Would you copy out each line of the records below that includes the word "tell"?

• • • • • • •

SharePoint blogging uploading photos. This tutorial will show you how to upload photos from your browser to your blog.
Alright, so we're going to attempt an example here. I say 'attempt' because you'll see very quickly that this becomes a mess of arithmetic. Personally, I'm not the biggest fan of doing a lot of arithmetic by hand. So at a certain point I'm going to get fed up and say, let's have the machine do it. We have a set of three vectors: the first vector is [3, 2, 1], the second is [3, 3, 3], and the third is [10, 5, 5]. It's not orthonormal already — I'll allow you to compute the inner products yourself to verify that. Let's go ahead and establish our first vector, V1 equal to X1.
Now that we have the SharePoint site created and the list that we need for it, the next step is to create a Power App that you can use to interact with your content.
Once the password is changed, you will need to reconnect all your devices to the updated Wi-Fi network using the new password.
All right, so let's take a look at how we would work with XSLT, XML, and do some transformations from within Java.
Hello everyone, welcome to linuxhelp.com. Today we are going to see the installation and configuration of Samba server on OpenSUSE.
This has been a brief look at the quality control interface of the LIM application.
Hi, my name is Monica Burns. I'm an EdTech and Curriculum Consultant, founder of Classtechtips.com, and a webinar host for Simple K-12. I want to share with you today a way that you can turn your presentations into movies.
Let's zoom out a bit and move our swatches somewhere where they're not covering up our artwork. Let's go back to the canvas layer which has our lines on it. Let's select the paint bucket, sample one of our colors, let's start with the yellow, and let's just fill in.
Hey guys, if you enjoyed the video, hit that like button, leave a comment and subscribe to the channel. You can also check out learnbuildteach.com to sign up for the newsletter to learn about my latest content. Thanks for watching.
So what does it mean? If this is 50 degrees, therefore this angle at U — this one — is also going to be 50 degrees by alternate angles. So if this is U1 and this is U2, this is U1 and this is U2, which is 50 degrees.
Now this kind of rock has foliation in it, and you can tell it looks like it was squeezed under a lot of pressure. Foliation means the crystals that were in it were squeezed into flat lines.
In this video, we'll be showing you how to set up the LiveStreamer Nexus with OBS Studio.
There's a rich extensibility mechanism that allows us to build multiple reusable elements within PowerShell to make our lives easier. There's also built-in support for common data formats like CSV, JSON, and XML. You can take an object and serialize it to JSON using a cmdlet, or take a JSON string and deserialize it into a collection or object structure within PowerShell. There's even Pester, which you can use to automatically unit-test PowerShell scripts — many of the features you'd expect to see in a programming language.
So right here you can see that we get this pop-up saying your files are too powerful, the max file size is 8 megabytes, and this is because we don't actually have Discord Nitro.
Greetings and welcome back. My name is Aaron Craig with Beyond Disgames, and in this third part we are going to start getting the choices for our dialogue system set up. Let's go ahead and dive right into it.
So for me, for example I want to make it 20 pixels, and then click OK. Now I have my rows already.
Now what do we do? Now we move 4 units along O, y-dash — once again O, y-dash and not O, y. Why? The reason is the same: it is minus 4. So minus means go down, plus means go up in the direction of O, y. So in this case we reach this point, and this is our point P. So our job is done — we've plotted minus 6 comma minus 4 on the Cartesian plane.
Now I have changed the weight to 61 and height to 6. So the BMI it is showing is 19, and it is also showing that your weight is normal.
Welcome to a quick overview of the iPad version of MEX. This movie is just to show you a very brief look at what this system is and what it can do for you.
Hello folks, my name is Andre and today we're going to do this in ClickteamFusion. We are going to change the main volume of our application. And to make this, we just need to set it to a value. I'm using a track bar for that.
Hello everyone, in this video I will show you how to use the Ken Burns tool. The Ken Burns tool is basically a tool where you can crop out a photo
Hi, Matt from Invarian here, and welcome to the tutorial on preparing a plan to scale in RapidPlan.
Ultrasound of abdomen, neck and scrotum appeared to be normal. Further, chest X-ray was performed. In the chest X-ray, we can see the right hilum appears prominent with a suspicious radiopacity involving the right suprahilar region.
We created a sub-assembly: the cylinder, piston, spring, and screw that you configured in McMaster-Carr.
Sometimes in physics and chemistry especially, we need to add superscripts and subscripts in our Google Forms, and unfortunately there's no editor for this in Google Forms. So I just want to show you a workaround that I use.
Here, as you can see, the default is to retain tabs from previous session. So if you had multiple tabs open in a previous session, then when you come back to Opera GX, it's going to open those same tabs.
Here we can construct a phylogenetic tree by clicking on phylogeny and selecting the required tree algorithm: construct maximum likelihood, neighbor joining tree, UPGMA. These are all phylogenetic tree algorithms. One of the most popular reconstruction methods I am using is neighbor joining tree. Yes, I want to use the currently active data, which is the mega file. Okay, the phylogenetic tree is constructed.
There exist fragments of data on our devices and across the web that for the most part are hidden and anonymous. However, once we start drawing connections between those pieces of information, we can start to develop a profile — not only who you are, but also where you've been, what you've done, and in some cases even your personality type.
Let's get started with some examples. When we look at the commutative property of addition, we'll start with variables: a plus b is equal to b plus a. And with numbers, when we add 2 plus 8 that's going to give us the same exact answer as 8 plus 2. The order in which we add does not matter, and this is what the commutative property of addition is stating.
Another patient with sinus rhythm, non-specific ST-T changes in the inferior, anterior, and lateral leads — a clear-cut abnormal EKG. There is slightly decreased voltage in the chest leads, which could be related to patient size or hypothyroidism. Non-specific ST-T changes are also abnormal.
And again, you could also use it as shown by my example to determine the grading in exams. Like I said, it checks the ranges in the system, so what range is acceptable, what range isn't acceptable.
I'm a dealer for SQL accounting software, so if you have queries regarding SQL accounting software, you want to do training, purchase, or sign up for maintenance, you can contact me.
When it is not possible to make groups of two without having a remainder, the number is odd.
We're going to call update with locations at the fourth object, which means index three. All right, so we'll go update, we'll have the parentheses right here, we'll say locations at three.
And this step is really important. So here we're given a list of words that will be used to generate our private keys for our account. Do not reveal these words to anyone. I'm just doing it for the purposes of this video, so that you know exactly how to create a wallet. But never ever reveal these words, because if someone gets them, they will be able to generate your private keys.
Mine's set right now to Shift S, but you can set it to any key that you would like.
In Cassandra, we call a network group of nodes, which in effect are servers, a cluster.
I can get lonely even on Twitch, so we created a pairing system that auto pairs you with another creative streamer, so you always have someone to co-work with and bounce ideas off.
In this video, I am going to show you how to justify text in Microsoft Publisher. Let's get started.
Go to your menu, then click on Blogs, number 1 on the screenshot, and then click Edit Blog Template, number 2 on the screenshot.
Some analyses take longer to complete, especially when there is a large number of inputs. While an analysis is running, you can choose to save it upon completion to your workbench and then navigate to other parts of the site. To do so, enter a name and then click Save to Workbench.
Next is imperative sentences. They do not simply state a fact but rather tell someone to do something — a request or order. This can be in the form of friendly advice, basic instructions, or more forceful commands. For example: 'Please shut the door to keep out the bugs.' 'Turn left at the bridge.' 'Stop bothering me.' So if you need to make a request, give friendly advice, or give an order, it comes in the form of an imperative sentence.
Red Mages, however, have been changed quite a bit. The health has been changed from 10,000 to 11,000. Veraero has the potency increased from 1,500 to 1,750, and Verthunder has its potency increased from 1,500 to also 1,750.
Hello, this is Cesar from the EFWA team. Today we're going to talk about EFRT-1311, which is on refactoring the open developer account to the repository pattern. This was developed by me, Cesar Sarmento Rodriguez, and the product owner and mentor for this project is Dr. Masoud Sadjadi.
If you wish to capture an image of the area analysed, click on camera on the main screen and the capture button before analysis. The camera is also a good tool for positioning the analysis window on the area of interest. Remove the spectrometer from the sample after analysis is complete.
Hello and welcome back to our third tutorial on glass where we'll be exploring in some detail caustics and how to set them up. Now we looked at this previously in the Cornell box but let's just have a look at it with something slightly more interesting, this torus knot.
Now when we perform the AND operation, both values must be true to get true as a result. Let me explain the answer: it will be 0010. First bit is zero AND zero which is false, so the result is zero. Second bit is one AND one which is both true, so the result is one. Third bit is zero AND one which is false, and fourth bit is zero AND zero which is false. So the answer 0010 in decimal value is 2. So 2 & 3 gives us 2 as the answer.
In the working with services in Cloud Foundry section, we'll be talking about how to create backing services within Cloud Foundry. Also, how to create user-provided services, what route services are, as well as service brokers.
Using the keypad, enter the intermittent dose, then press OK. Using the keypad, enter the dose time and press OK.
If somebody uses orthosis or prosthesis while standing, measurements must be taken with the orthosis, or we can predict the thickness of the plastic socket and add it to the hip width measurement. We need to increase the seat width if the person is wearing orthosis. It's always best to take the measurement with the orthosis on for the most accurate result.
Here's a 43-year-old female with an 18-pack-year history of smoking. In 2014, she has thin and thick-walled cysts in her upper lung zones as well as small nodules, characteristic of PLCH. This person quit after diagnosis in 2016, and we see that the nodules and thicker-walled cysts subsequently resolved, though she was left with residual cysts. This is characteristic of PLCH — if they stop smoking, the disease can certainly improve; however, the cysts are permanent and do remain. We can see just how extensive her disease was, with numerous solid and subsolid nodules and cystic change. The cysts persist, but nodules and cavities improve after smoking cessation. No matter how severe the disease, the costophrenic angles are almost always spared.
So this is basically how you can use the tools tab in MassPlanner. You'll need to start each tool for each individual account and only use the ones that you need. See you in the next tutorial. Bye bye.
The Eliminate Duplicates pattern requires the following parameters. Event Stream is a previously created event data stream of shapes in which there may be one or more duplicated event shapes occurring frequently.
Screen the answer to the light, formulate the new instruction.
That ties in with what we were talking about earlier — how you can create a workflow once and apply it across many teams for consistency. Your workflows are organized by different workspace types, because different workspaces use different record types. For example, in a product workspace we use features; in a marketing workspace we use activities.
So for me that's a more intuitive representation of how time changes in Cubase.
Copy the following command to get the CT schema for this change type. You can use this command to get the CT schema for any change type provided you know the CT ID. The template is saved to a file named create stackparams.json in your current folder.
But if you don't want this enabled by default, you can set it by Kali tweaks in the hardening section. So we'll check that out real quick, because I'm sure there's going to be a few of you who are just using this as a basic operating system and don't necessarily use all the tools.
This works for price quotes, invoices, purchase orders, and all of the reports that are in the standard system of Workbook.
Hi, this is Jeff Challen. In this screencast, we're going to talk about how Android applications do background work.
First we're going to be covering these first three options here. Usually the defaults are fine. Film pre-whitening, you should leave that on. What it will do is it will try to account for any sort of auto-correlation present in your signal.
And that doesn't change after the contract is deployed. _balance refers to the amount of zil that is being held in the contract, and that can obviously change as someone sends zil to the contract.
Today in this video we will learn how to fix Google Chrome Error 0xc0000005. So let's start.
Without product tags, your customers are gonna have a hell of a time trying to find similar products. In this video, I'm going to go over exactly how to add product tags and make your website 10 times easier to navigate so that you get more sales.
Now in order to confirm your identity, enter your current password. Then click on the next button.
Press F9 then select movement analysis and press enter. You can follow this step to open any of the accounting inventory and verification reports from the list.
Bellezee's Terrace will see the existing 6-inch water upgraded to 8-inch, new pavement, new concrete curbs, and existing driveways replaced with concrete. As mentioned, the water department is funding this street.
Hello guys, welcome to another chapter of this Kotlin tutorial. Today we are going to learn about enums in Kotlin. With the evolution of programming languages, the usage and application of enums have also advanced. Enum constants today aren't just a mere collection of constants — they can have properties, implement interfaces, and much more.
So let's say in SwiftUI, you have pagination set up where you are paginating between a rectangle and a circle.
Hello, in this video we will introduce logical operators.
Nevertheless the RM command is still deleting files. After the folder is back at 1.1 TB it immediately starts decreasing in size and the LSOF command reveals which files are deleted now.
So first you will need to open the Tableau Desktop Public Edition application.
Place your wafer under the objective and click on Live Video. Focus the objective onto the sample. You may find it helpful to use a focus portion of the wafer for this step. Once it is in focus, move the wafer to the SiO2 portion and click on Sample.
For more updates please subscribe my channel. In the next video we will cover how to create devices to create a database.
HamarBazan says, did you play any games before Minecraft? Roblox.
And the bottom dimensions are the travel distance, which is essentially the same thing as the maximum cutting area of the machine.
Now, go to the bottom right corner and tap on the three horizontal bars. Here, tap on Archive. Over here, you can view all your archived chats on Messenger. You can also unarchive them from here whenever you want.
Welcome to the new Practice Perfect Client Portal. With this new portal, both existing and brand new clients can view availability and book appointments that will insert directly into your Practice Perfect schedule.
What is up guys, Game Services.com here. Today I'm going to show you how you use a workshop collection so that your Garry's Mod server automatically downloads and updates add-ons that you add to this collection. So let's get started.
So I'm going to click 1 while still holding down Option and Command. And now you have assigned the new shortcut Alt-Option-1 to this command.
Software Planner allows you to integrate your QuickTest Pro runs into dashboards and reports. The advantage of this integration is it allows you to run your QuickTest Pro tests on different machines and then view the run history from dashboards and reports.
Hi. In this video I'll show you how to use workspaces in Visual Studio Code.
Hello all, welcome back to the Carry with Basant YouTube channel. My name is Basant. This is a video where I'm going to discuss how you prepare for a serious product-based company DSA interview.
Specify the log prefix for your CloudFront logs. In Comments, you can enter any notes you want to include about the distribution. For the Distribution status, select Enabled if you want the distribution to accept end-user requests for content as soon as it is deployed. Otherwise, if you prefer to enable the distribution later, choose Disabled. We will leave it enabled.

• • • • • • •

■ TASK RESULT:
Now this kind of rock has foliation in it, and you can tell it looks like it was squeezed under a lot of pressure. Foliation means the crystals that were in it were squeezed into flat lines.
Next is imperative sentences. They do not simply state a fact but rather tell someone to do something — a request or order. This can be in the form of friendly advice, basic instructions, or more forceful commands. For example: 'Please shut the door to keep out the bugs.' 'Turn left at the bridge.' 'Stop bothering me.' So if you need to make a request, give friendly advice, or give an order, it comes in the form of an imperative sentence.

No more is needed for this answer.